VK_EXT_host_image_copy.proposal
This document identifies inefficiencies with image data initialization and proposes an extension to improve it.
Problem Statement
Copying data to optimal-layout images in Vulkan requires staging the data in a buffer first, and using the GPU to perform the copy. Similarly, copying data out of an optimal-layout image requires a copy to a buffer. This restriction can cause a number of inefficiencies in certain scenarios.
Take initializing an image for the purpose of sampling as an example, where the source of data is a file. The application has to load the data to memory (one copy), then initialize the buffer (second copy) and finally copy over to the image (third copy). Applications can remove one copy from the above scenario by creating and memory mapping the buffer first and loading the image data from disk directly into the buffer. This is not always possible, for example because the streaming and graphics subsystems of a game engine are independent, or in the case of layering, because the layer is given a pointer to the data which is already loaded from disk.

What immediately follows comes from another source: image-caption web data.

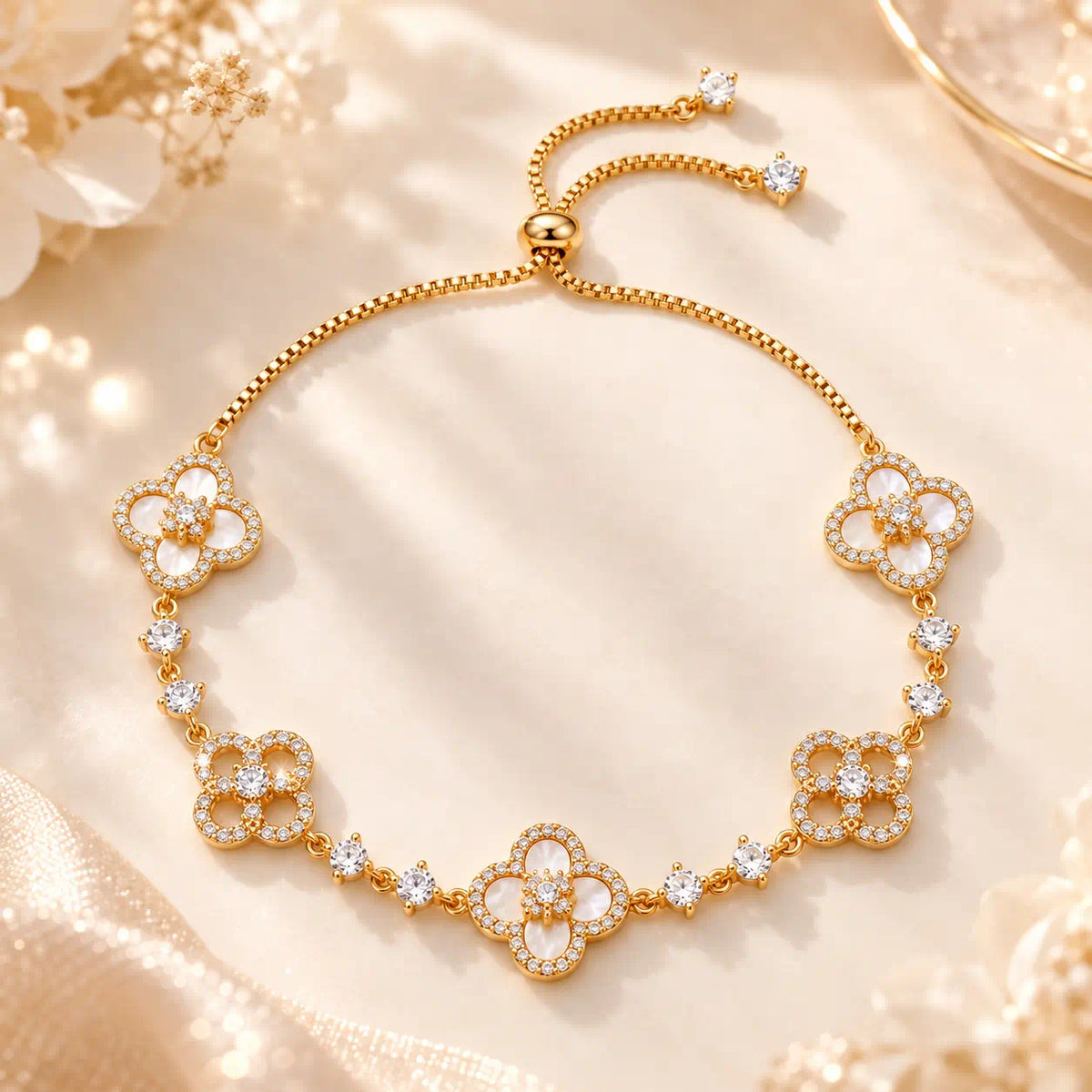 A Little Symbol Of Luck, Love & Beauty — A Timeless Clover Diamond Bracelet Made To Shine With You Every Day -Last Day Sale-90% OFF🔥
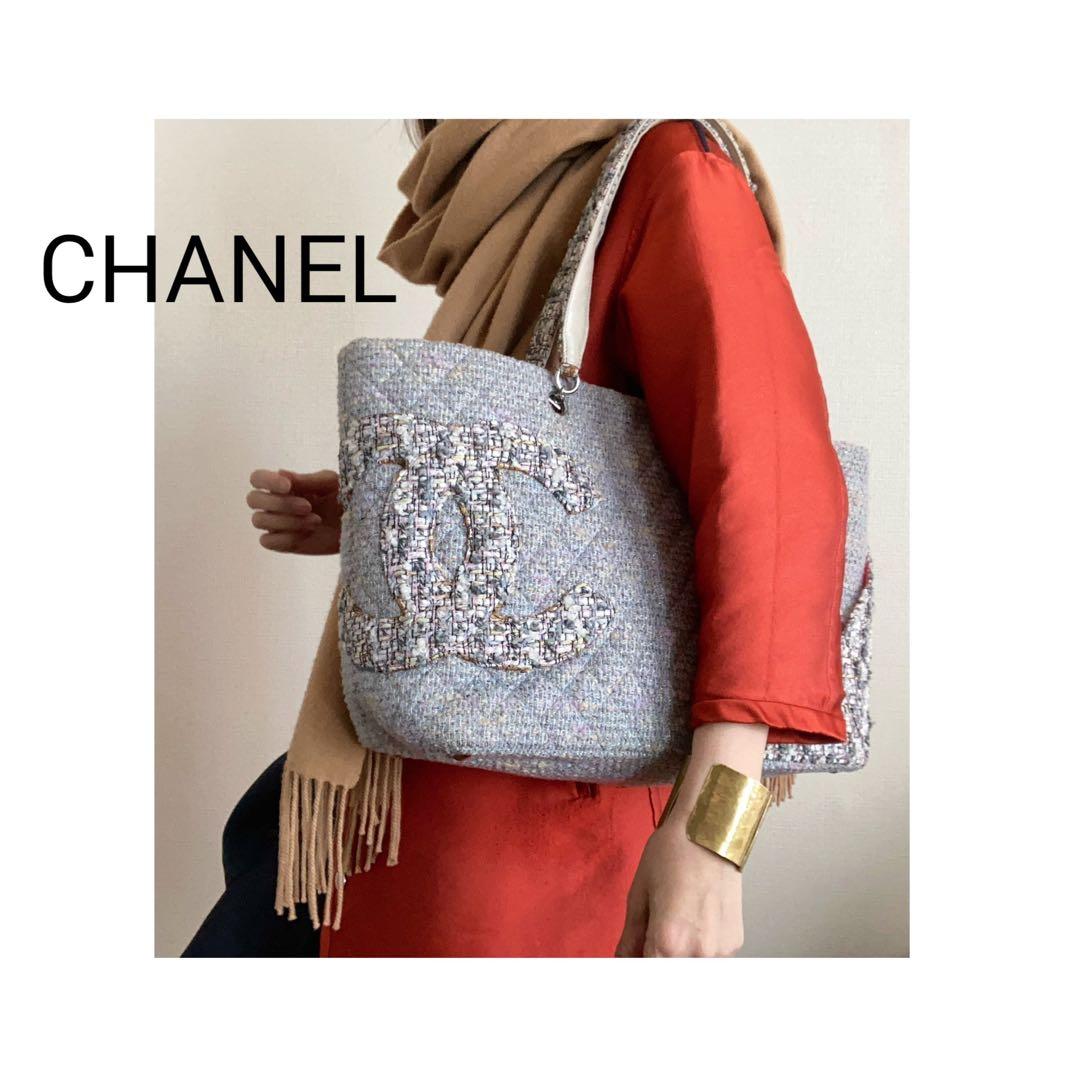 りく様♡CHANEL カンボンライン ツイード　トートバッグ　マトラッセ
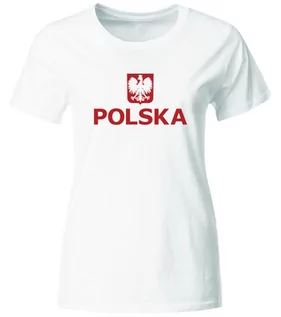 Koszulki sportowe damskie - Koszulka Kibica Reprezentacji Polski. Koszulka Damska Dla Kibica, Biała, Roz. L - grafika 1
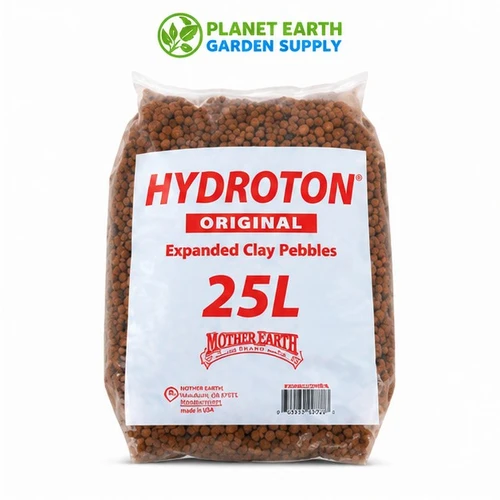 Shop Hydroton Original 25L expanded clay pebbles for hydroponics, aquaponics, and professional cultivation at PlanetEarthGardenSupply.com.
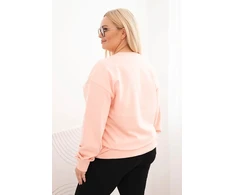 Moteriškas Plus Size medvilninis džemperis su apvalia iškirpte, lašišos spalvos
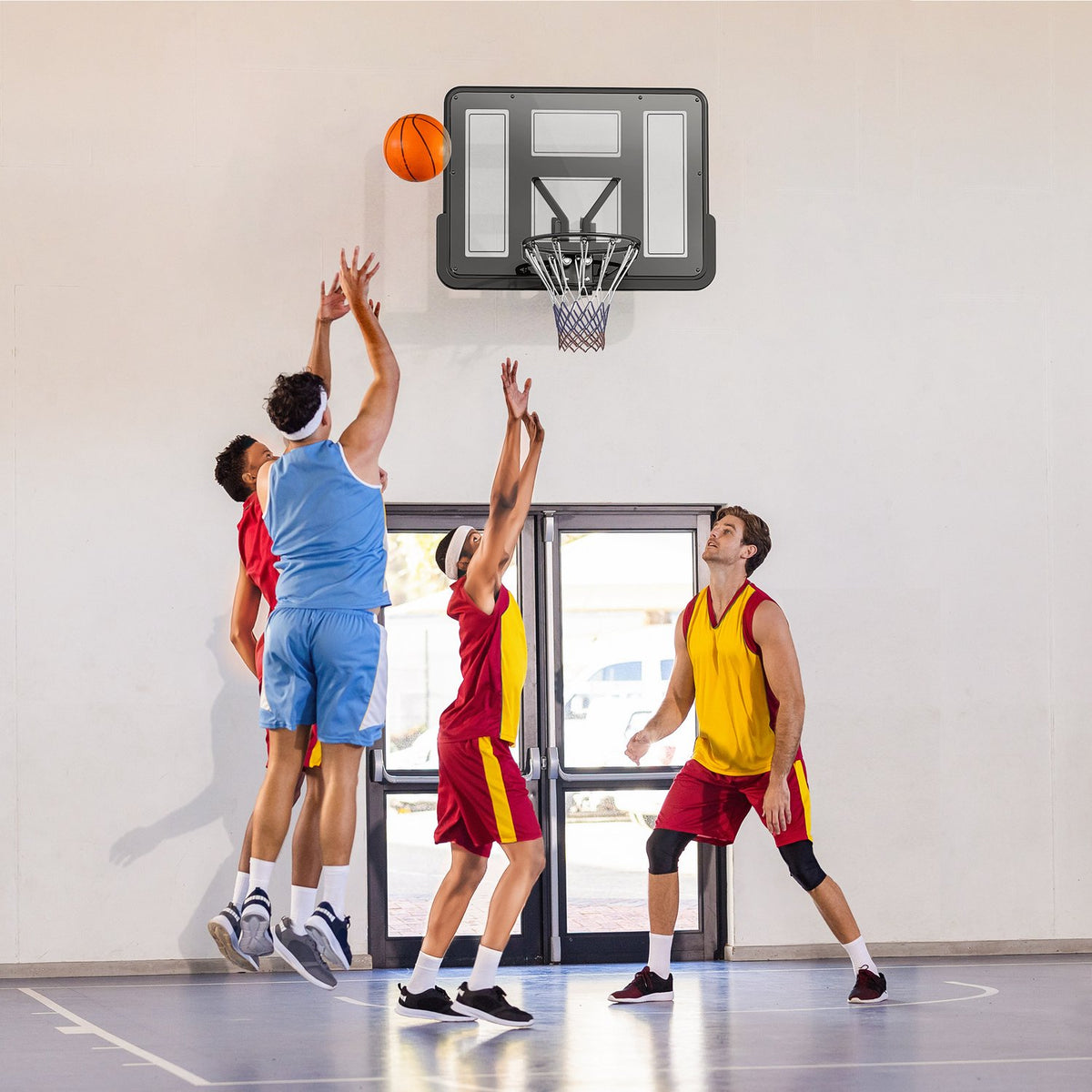 Basketball hoop with back wall for outdoor & indoor, basketball board with Ø45 cm steel hoop and net, wall mounting, basketball board for adults, black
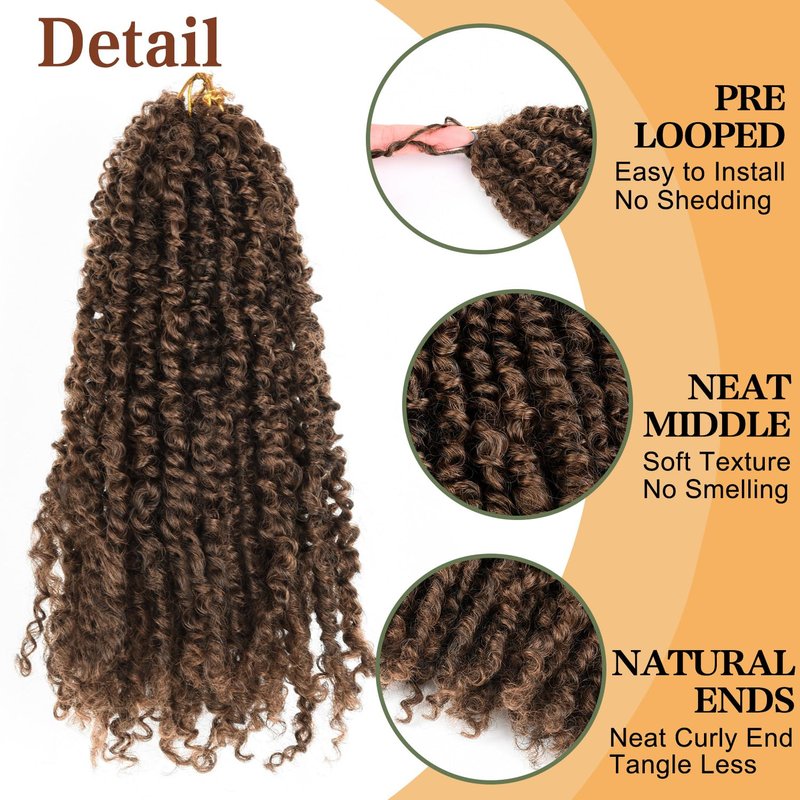 Yanky Twist Crochet Hair - 10 Inch Ombre Brown Spring Twists | 8 Packs Synthetic Braids with Curly Ends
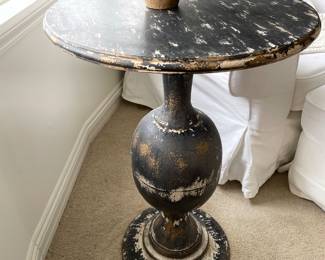 Metal round distressed pedestal table, 20"D x 29"H,  $145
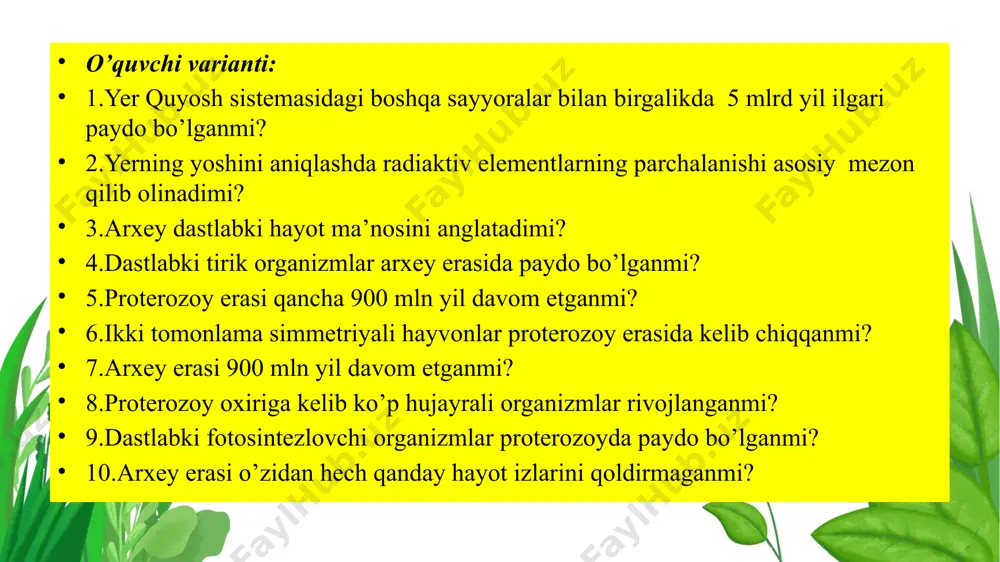 paleozoy erasidagi hayot mavzusida dars taqdimoti - Page 4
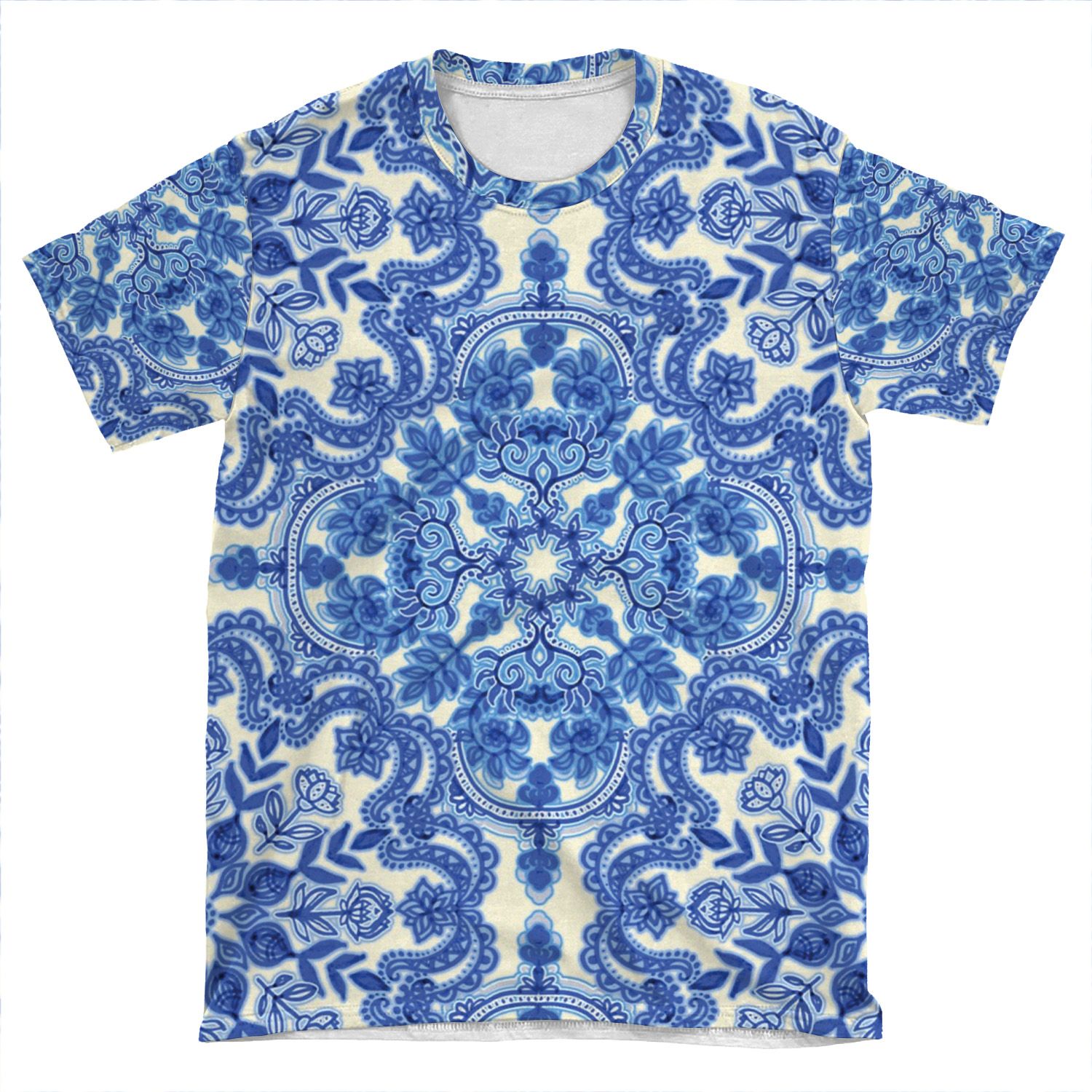 Cobalt Blue & China White Folk Art Pattern AOP T-shirt Tee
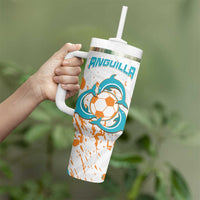 Custom Anguilla Football Tumbler With Handle Go Champions Grunge Style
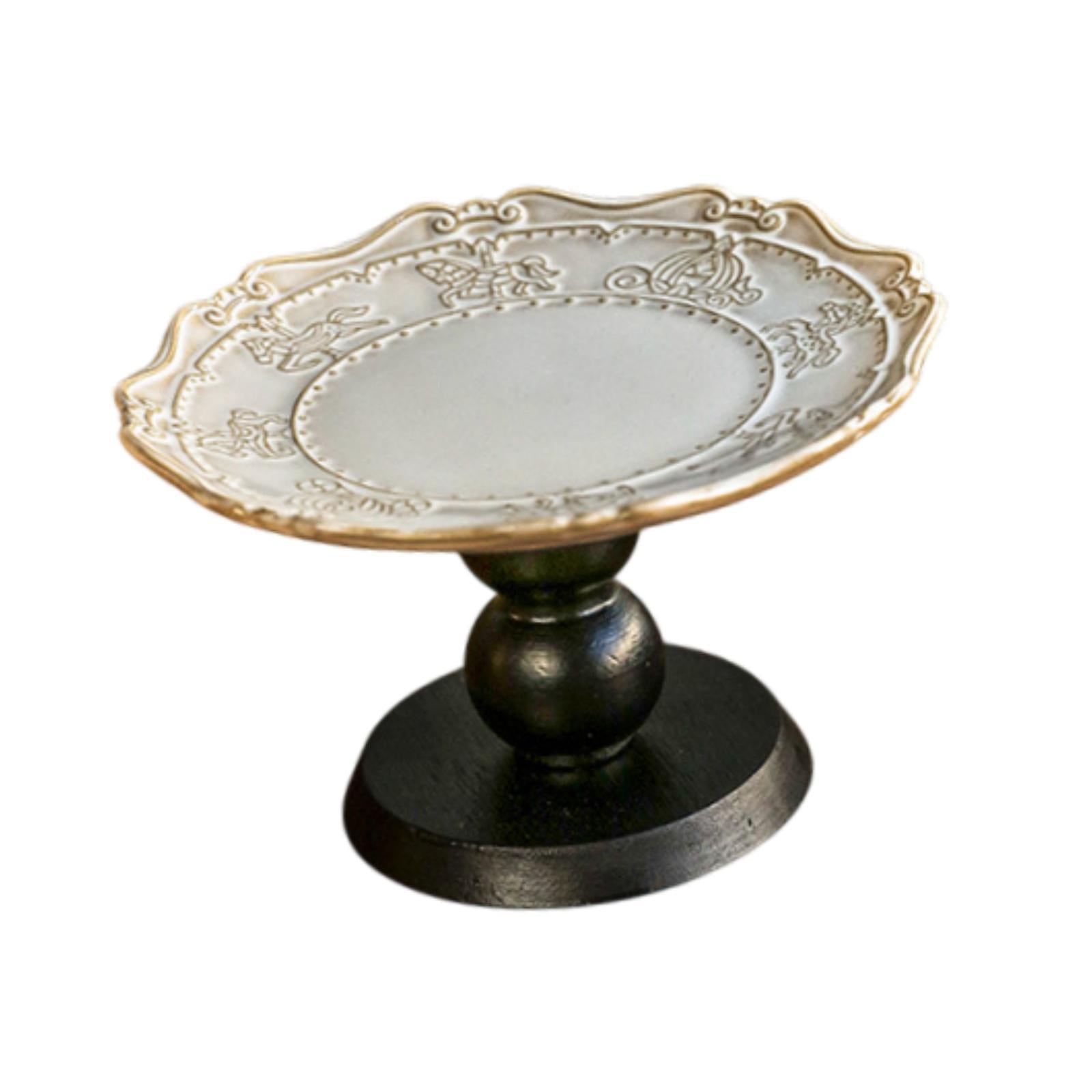 Pedestal Fruit Tray Dessert Display Stand for Countertop Bedroom Living Room 15.5x8.6 cm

The extra copy involved due to it going through a buffer is not just a performance cost though. The buffer that is allocated for the image copy is at least as big as the image itself, and lives for a short duration until the copy is confirmed to be done. When an application performs a large number of image initialization at the same time, such as a game loading assets, it will momentarily have twice as much memory allocated for its images (the images themselves and their staging buffers), greatly increasing its peak memory usage. This can lead to out-of-memory errors on some devices.
This document proposes an extension that allows image data to be copied from/to host memory directly, obviating the need to perform the copy through a buffer and save on memory. While copying to an optimal layout image on the CPU has its own costs, this extension can still lead to better performance by allowing the CPU to perform some copies in parallel with the GPU.
Proposal
An extension is proposed to address this issue. The extension’s API is designed to be similar to buffer-image and image-image copies.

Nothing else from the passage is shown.